NATO may try a new detente 17 years after defining it

NATO's 35th anniversary meeting in Washington this week is expected to adopt a milestone study that not only comes to ''hard nosed'' conclusions about East-West detente but also seeks to maintain a dialogue with the communist bloc.

This report, expected to be adopted by NATO foreign ministers as a ''Washington declaration,'' is seen as possibly signaling a new Western interest in improving ties with Moscow.

Although some disputes remain over the study, senior West European officials say they are eager to codify a durable NATO policy on continuing contacts with the Soviet Union despite frequent shifts in American administrations and policy or suspensions of the superpower dialogue.

In recent weeks West European governments have sought to retain links with Moscow and other East-bloc capitals through a series of visits there to counter the freeze in relations between Washington and Moscow.

(The latest visitor, West German Foreign Minister Hans-Dietrich Genscher, said his talks Tuesday with top Soviet leaders gave him no cause to expect Moscow to return to nuclear arms control talks before the American election in November. A Genscher aide said the Germans got ''a bad feeling'' about East-West relations after his meetings, Reuters reported.)

American sources here have sought to play down the impact of the NATO study, saying it contains ''nothing terribly exciting or new.
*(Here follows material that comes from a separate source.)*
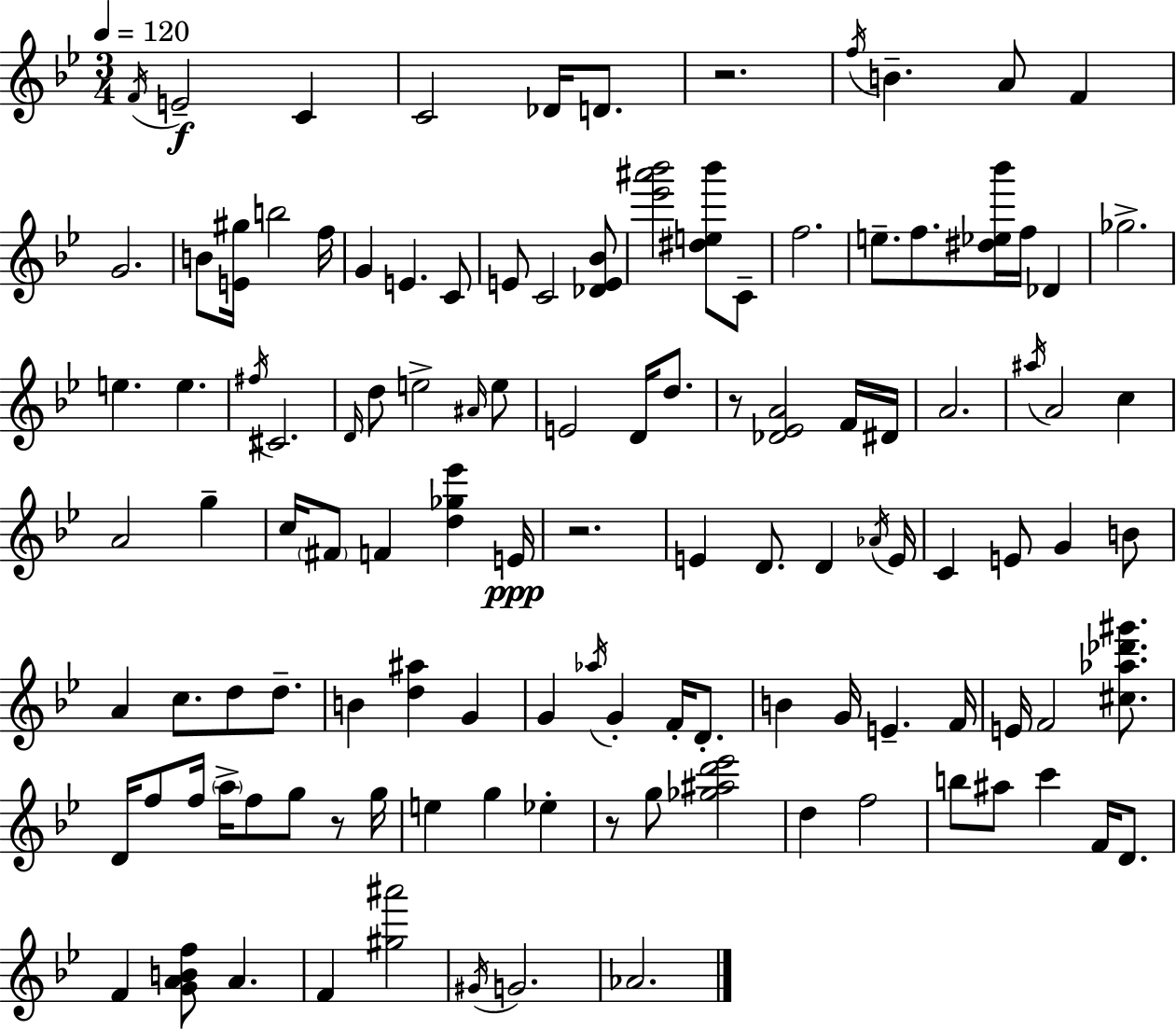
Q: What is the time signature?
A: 3/4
Some also regard this transatlantic difference in attitudes toward contacts with the East as playing into communist hands by giving them an opportunity to exploit Western disunity.

Commenting on the United States-European difference on the importance to be attached to the study, a Western source referred to the ''obsession'' of German Foreign Minister Genscher for the document.
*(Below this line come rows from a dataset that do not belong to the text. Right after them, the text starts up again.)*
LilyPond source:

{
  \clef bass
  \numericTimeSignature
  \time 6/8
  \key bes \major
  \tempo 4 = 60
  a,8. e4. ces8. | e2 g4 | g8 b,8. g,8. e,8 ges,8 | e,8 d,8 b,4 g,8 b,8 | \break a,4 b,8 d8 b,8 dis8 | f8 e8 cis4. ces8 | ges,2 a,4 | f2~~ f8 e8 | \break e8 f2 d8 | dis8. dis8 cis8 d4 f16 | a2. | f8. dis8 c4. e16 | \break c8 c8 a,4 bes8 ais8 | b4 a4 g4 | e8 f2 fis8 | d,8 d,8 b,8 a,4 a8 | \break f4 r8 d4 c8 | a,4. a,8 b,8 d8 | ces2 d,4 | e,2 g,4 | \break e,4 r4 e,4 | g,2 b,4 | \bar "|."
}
But a senior European diplomat here said the study and declaration should be ''an important political message'' for Eastern and Western leaders and public opinions during a period of international and internal tension.

The report is the first major internal NATO project on the subject of East-West detente since a similar report in 1967 by the then-Belgian Foreign Minister Pierre Harmel. The voluminous Harmel report, which resulted in a 17 -paragraph NATO public declaration on the issue, is seen as the starting point for the alliance's policy of detente with the Soviet bloc.

This update, prepared by Belgian Foreign Minister Leo Tindemans, is said to devote about half of its content to a ''hard nosed'' review and analysis of the results of these 17 years of detente. It will take into account the tension arising from Soviet actions in Afghanistan, Poland, Angola, and other trouble spots.

The second portion of the report is said to emphasize the need to retain a permanent dialogue and relationship despite such political clashes and leadership changes. The European allies also stress the importance of various East-West negotiations on arms control or contacts, such as the Stockholm conference on disarmament and confidence-building measures.

There is said to be a debate inside NATO over how much of the study should be made public. In all likelihood, the result will be a short public synopsis issued in Washington.